I’m torn on this because gaining leverage can be a good strategy, and indeed it seems hard to see how we’ll solve some major problems without individuals or organisations pursuing this. So I wouldn’t necessarily discourage people from pursuing this path, though you might want to think hard about whether you’ll be able to avoid value drift. But there’s a big information asymmetry as a donor: if someone is seeking support for something that isn’t directly useful now, with the promise of doing something useful later, it’s hard to know if they’ll follow through on that.
Movement building that increases quantity but reduces quality or diversity. The initial composition of a community has a big effect on its long-term composition: people tend to recruit people like themselves. The long-termist community is still relatively small, so we can have a substantial effect on the current (and therefore long-term) composition now.

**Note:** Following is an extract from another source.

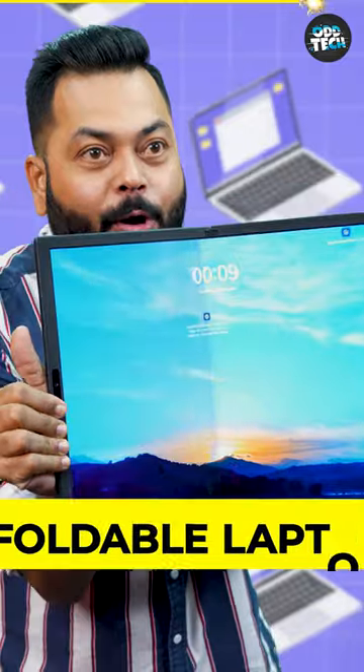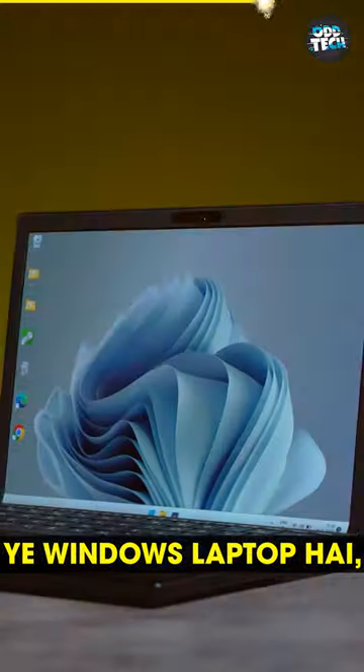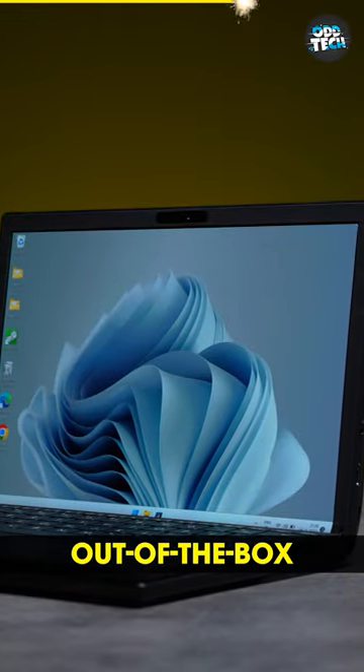This is the world's biggest foldable laptop. Look at this! It has a 17.3-inch screen. This is a Windows laptop — Windows 11 out of the box.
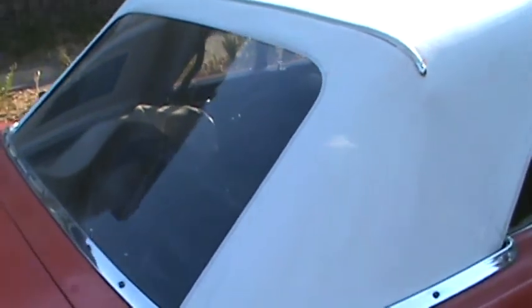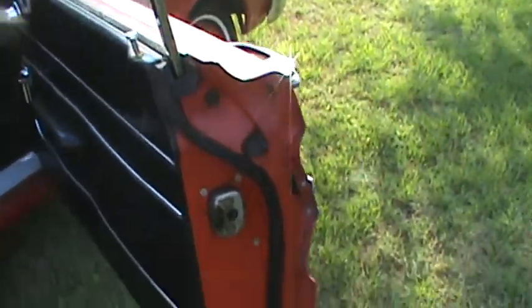Nice clear back window, real nice power top that works. All the glasses get on the car. Pretty original car.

So when I look for whether to fund a movement building intervention, I don’t just ask if it’ll attract enough good people to be worth the cost, but also whether the intervention is sufficiently targeted. This is a bit counterintuitive, and certainly in the past (e.g. when I was running student groups) I tended to assume that bigger was always better.
That said, the details really matter here. For example, AI risk is already in the public conscience, but most people have only been exposed to terrible low-quality articles about it. So I like Robert Miles YouTube channel since it’s a vastly better explanation of AI risk than most people will have come across. I still think most of the value will come from a small percentage of people who seriously engage with it, but I expect it to be positive or at least neutral for the vast majority of viewers.
I agree that both of these are among the top 5 things that I’ve encountered that make me unexcited about a grant.